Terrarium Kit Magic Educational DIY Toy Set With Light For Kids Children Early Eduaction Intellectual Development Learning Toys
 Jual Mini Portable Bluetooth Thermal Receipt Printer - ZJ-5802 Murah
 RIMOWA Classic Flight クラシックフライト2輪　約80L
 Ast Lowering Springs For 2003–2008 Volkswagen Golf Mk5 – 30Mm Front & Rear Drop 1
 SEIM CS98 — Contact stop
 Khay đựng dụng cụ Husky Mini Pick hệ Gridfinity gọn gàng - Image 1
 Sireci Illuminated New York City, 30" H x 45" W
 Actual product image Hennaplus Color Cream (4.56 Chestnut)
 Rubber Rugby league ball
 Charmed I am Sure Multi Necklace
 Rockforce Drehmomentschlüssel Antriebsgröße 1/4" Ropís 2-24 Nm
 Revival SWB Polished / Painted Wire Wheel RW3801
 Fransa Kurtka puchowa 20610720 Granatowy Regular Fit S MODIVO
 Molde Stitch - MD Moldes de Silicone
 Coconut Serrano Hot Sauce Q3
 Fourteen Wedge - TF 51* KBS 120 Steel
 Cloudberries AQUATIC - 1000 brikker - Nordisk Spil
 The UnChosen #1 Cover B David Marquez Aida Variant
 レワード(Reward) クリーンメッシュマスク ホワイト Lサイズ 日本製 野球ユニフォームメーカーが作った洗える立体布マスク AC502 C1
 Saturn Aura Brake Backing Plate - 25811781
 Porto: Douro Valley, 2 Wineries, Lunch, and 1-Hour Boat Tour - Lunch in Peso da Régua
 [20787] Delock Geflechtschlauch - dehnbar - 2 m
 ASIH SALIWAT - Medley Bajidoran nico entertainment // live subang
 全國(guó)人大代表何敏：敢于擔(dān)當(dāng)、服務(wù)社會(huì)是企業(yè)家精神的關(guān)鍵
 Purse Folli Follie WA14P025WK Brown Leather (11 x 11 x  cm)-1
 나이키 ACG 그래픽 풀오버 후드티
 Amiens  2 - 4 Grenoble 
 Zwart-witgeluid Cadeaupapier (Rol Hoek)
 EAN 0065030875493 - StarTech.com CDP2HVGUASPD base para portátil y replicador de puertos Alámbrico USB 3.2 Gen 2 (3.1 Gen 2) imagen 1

++++++++++++++++++++

## What the exercise asks
The line with "ASIH SALIWAT - Medley" and all lines after it through the end of the data above: write these out exactly and add nothing.

## Exercise answer
 ASIH SALIWAT - Medley Bajidoran nico entertainment // live subang
 全國(guó)人大代表何敏：敢于擔(dān)當(dāng)、服務(wù)社會(huì)是企業(yè)家精神的關(guān)鍵
 Purse Folli Follie WA14P025WK Brown Leather (11 x 11 x  cm)-1
 나이키 ACG 그래픽 풀오버 후드티
 Amiens  2 - 4 Grenoble 
 Zwart-witgeluid Cadeaupapier (Rol Hoek)
 EAN 0065030875493 - StarTech.com CDP2HVGUASPD base para portátil y replicador de puertos Alámbrico USB 3.2 Gen 2 (3.1 Gen 2) imagen 1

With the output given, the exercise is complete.